June 20, 2007

It's. Too. Big.

This time it is the Conservatives stealing an Labour policy. It won't work for them either. Patricia Hewitt is right on this one, the NHS is simply too big to be manageable. Handing it over to an independent board (and how independent they will be in practice is still anybody's guess) will not change that. The inertia of the huge bureaucracy of the NHS will still resist all attempts at change while sponging up any extra cash that becomes available so it never reaches the clinical professionals.

There are economies of scale, but there are also diseconomies of scale as the hierarchies of bureaucracy grow, and so efficiency against size forms a curve[2]. This happens in all organisations whether public or private. Any organisation as big as the NHS would be inefficient and there is absolutely nothing going to change that unless they also do something about dividing it up into more manageable sized chunks. Maybe still as a state run system, but run by local government as in Sweden. Perhaps a multi-payer/multi-provider system as in France[4] where the hospitals are all independent organisations and the state just provides a basic universal insurance. Or if you want to be radical get the state out entirely and just have it recognise that because some things are important they should not be taxed as in the Singapore system for healthcare. It is the NHS's obesity that is killing it. The crisises might individually be dealt with, but unless the root cause is too then they will just come back.

2 Comments:

Blogger youdontknowme said...

I think the NHS is fixable but I don't believe the government is competant enough to fix it.

I would have it run by a Health Assembly made up of elected Health commissioners elected on a county basis. These commssioners would have to have been working for 5 years as a medical profession before they could stand for the health assembly.

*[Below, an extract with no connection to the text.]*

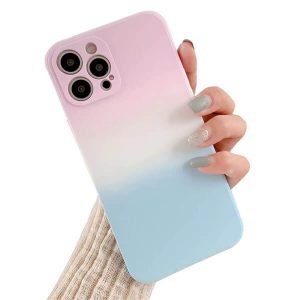 For Apple iPhone 12 Pro max Smart Shockproof Liquid Silicone Full Camera Protective Case Cover (Purple+Aqua)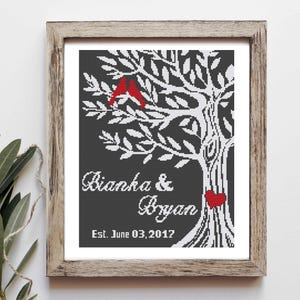 Wedding Cross Stitch Pattern PDF, Love tree with bird.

Individual health commissioners would be responsible for healthcare in their area as well as the pay for the employees (I think its daft that NHS employees in london get the same as everywhere else).

At national level they would be responsible for things like training, NHS tax (they need to fund it somehow) and they would be responsible for licensing drugs (taking the place of NICE) and setting down criteria for how drugs should be tested by the pharmaceutical companies which will hopefully bring down the cost of drugs.

4:56 pm  
Blogger chris said...

That could work, and sounds a bit like a more complicated version of the Swedish system where health care is provided by local rather than national government. This would reduce it's scale and therefore at least offer the chance of it getting better. My personal preferred scheme is the French multi-payer/multi-provider system since it removes even more of the bureaucracy by devolving the decisions to the individual hospitals and patients.